Cell membrane is a protective sheath, enveloping the cell body. It is also known as plasma membrane or

plasmalemma. This membrane separates the fluid outside the cell called extracellular fluid (ECF) and the fluid inside the cell called intracellular fluid (ICF). The cell membrane is a semipermeable membrane. So, there is free exchange of certain substances between ECF and ICF. Thickness of the cell membrane varies from 75 to 111Å .

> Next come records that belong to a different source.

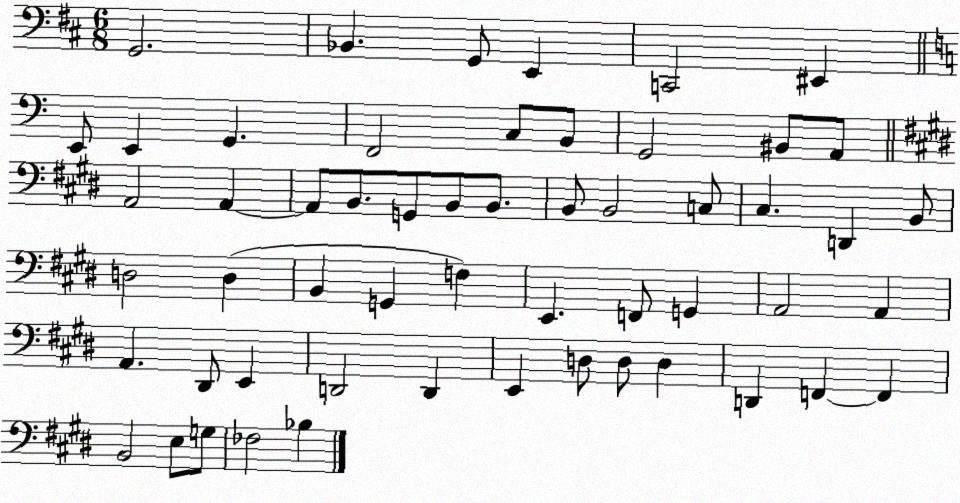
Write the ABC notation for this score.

X:1
T:Untitled
M:6/8
L:1/4
K:D
G,,2 _B,, G,,/2 E,, C,,2 ^E,, E,,/2 E,, G,, F,,2 C,/2 B,,/2 G,,2 ^B,,/2 A,,/2 A,,2 A,, A,,/2 B,,/2 G,,/2 B,,/2 B,,/2 B,,/2 B,,2 C,/2 ^C, D,, B,,/2 D,2 D, B,, G,, F, E,, F,,/2 G,, A,,2 A,, A,, ^D,,/2 E,, D,,2 D,, E,, D,/2 D,/2 D, D,, F,, F,, B,,2 E,/2 G,/2 _F,2 _B,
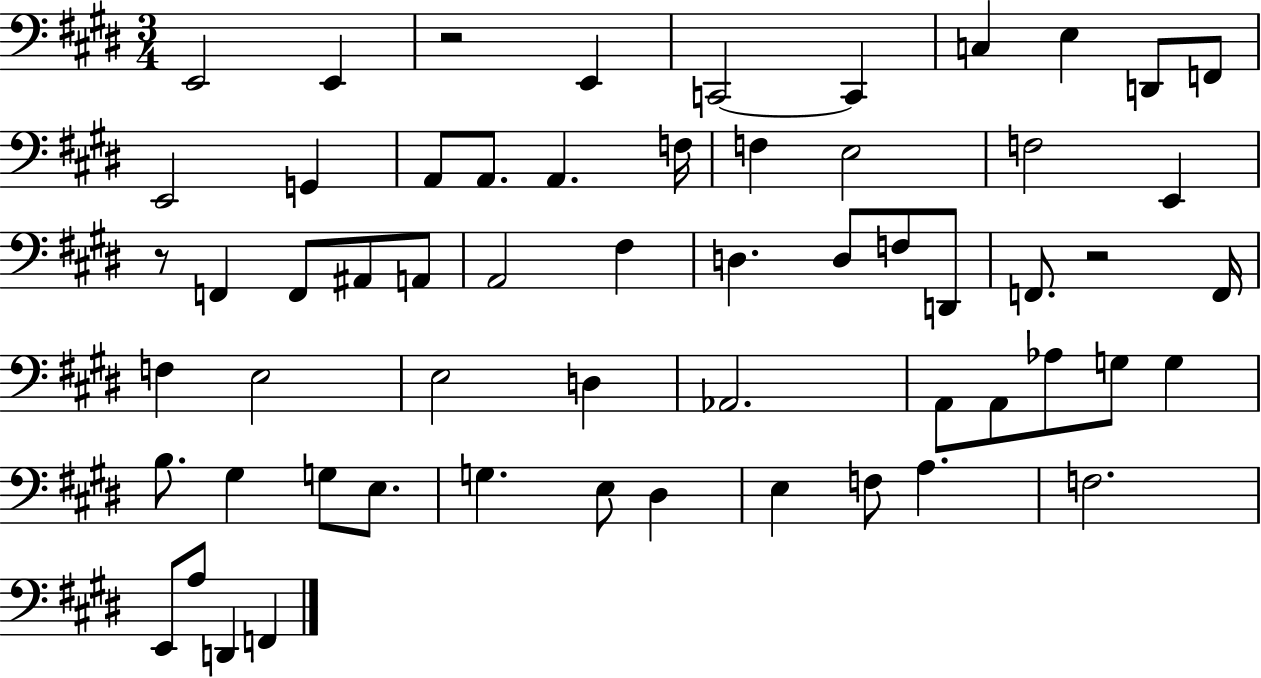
{
  \clef bass
  \numericTimeSignature
  \time 3/4
  \key e \major
  e,2 e,4 | r2 e,4 | c,2~~ c,4 | c4 e4 d,8 f,8 | \break e,2 g,4 | a,8 a,8. a,4. f16 | f4 e2 | f2 e,4 | \break r8 f,4 f,8 ais,8 a,8 | a,2 fis4 | d4. d8 f8 d,8 | f,8. r2 f,16 | \break f4 e2 | e2 d4 | aes,2. | a,8 a,8 aes8 g8 g4 | \break b8. gis4 g8 e8. | g4. e8 dis4 | e4 f8 a4. | f2. | \break e,8 a8 d,4 f,4 | \bar "|."
}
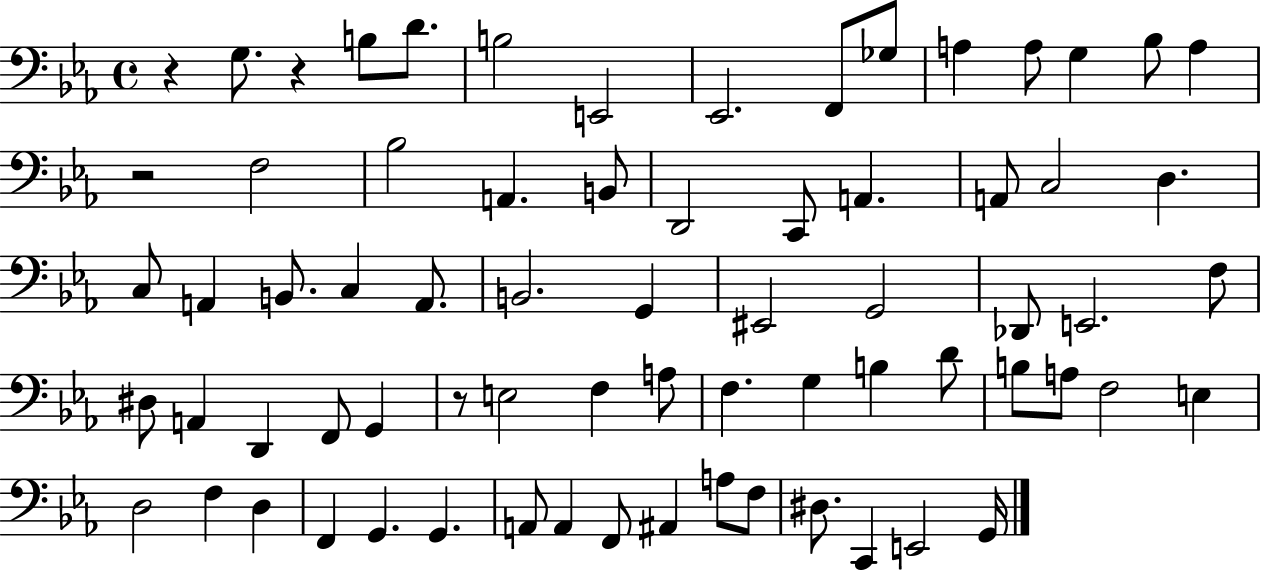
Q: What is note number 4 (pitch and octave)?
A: B3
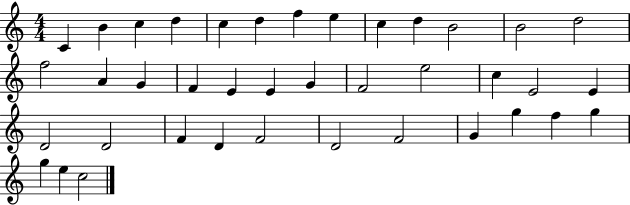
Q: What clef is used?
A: treble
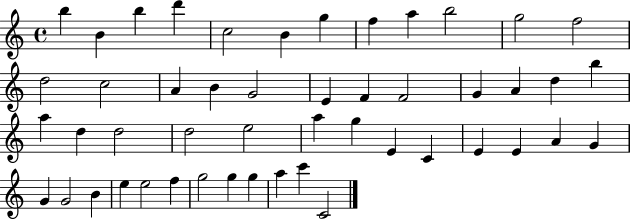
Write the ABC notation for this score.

X:1
T:Untitled
M:4/4
L:1/4
K:C
b B b d' c2 B g f a b2 g2 f2 d2 c2 A B G2 E F F2 G A d b a d d2 d2 e2 a g E C E E A G G G2 B e e2 f g2 g g a c' C2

COMPOSITION OF CELL MEMBRANE

Cell membrane is composed of three types of substances:

1. Proteins (55%)

2. Lipids (40%)

3. Carbohydrates (5%).

STRUCTURE OF CELL MEMBRANE

On the basis of structure, cell membrane is called a unit membrane or a three-layered membrane. The electron microscopic study reveals three layers of cell membrane, namely, one central electron-lucent layer and two electron- dense layers. The two electron-dense layers are placed one on either side of the central layer. The central layer is a lipid layer formed by lipid substances. The other two layers are protein layers formed by proteins. Cell membrane contains some carbohydrate molecules

also.

Structural Model of the Cell Membrane

1. Danielli-Davson model

‘DanielliDavson model’ was the first proposed basic model of membrane structure. It was proposed by

James F Danielli and Hugh Davson in 1935. And it was accepted by scientists for many years. This model was basically a ‘sandwich of lipids’ covered by proteins on both sides.

2. Unit membrane model

In 1957, JD Robertson replaced ‘DanielliDavson model’ by ‘Unit membrane model’ on the basis of electron microscopic studies.

3. Fluid mosaic model

Later in 1972, SJ Singer and GL Nicholson proposed ‘The fluid mosaic model’. According to them, the membrane is a fluid with mosaic of proteins (mosaic means pattern formed by arrangement of different colored pieces of stone, tile, glass or other such materials). This model is accepted by the scientists till now. In this model, the proteins are found to float in the lipid layer instead of forming the layers of the sandwich-type model.